Paralelamente ao desenvolvimento das abordagens respeitantes ao policiamento baseadas nos direitos humanos, a aplicação da lei nas sociedades democráticas tem sido cada vez mais definida como “policiamento democrático”. Embora o conceito tenha sido utilizado nos círculos académicos e políticos no final dos anos 90 (Marenin, 1998; Skolnick, 1999), o “policiamento democrático” alcançou o seu auge em termos de literatura e de pesquisa sobre policiamento com o relatório de David Bayley (2001), o qual apresentou os princípios fundamentais do policiamento democrático (p. 13):
- “A polícia deve dar prioridade operacional absoluta ao atendimento das necessidades dos cidadãos e grupos privados;
- A polícia deve sujeitar-se à lei e não ao governo;
- A polícia deve proteger os direitos humanos, especialmente aqueles que são necessários para o tipo de atividade política incondicional que é a marca da democracia;
- A polícia deve ser transparente nas suas atividades”
Colocando em prática estes princípios, as organizações internacionais e regionais foram definindo com maior acuidade os principais objetivos dos serviços policiais democráticos, tais como o de “manter a tranquilidade pública, a lei e a ordem, proteger e respeitar os direitos e liberdades fundamentais do indivíduo, prevenir e combater o crime, assim como prestar assistência e serviços ao público” (CoE, 2001; OSCE, 2009).

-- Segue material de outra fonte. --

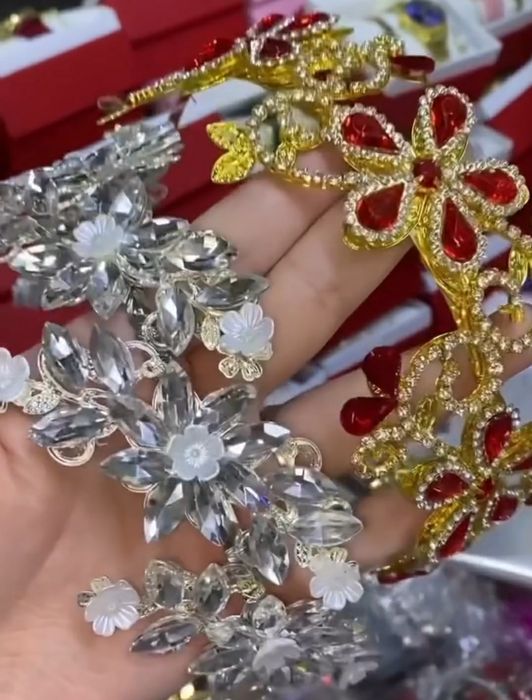 Диадема безаклари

Ao solicitar o estabelecimento de mecanismos nacionais de supervisão e prestação de contas no setor de segurança, a Comunidade Económica dos Estados da África Ocidental (CEDEAO) afirma um compromisso assente em princípios semelhantes.
Os Estados Membros devem adjudicar recursos humanos, materiais e financeiros para criar e apoiar as instituições nacionais que defenderão princípios-chave de governança democrática, respeito pelos direitos humanos e pelo Estado de Direito no seio do setor da segurança (ECOWAS, 2017, para. 39).

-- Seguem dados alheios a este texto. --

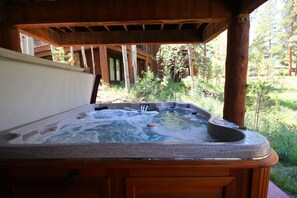 Outdoor spa tub - Starfire 1992 (Keystone)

Tal como no policiamento baseado nos direitos humanos, o policiamento democrático enfatiza o atendimento à comunidade, a proteção de direitos humanos, a prestação de contas e a transparência. Por conseguinte, o policiamento baseado nos direitos humanos e o policiamento democrático não se apresentam como sendo dois conceitos concorrentes. Pelo contrário, são duas abordagens assentes em princípios semelhantes e mecanismos que acabam por reforçar-se mutuamente.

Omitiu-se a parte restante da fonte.